The Ontario government is likening a proposed Christian law school's requirement of no sexual intimacy outside of heterosexual marriage to a bar against Jews that existed in the province's legal profession nearly 200 years ago.

Ontario says it has insisted that access to the profession be open to all, beginning in 1833, when it abolished a requirement that effectively barred non-Christian lawyers through an insistence on receiving the Sacrament of the Lord's Supper, a Christian ritual. In 1892, Clara Brett Martin became the province's first female lawyer, with the support of the Attorney-General.

"Ontarians have a right to expect that they or their children can seek to become lawyers without facing impediments because of their religion, gender or sexual orientation," the province says in a written filing with the Supreme Court.

Globe editorial: At Trinity Western, a delicate balance between religious freedom and freedom from discrimination

The court has set aside two days this fall to hear arguments on whether law societies in Ontario and British Columbia may refuse to license graduates of Trinity Western University's proposed law school in Langley, B.C.
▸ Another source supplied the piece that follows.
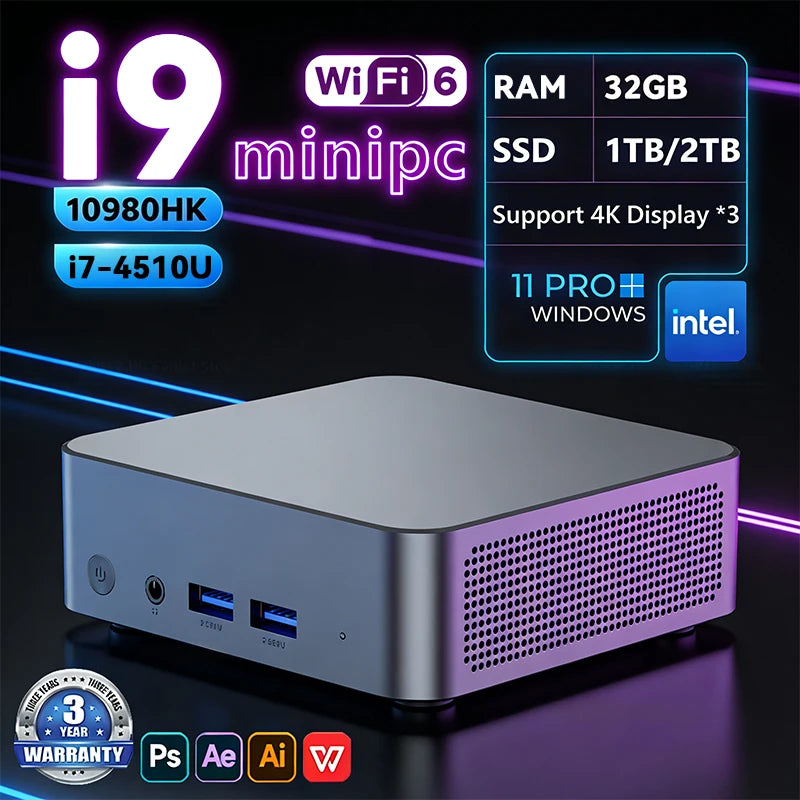 2026 Mini PC Windows 11 Intel Core i9 10980HK i7 4510U Portable Gaming Mini PC 16GB RAM 1TB SSD WiFi6 BT5.2 4K Mini Computer PC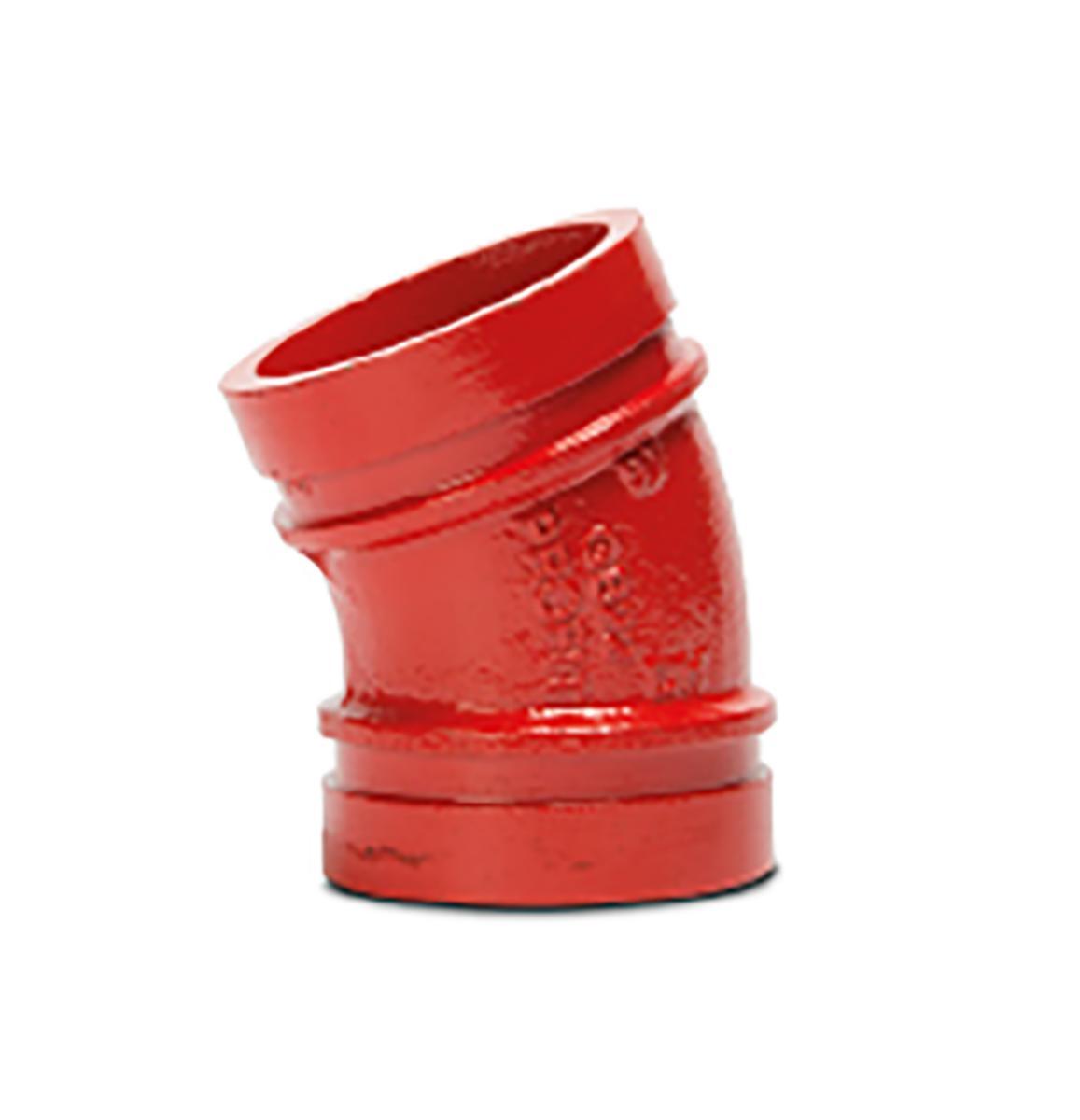 Grooved bend 22.5º, Red - Grooved red 22.5° elbow DN65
The private university, established in 1962, has a "Community Covenant" obliging students to sign a promise not to engage in sexual activity outside of heterosexual marriage. Law societies in both provinces voted against licensing the graduates, calling the school discriminatory. B.C.'s Court of Appeal overturned one such rejection, while Ontario's top court upheld the other.

Ontario is the only government intervening in the case. In all, a record 26 intervenors are scheduled to appear, after the court added a day for the hearing, and in an unprecedented move granted permission to 17 intervenors it had earlier rejected.

In its legal filing, Trinity Western says the law societies are discriminating against its graduates on the grounds of religious freedom. Such discrimination, it says, harms all religious minorities by forbidding them from joining together to express their beliefs.

Barring its graduates "removes the option for members of the evangelical community to attend a law school that respects, encourages and supports their beliefs."

If the law societies are correct in refusing to recognize Trinity Western, the school says, "the Charter [of Rights and Freedoms] does not adequately protect the ability of all religious educational communities-schools, churches and other organizations to obtain required state approvals and recognition to carry out their private activities in the context of their protected religious beliefs."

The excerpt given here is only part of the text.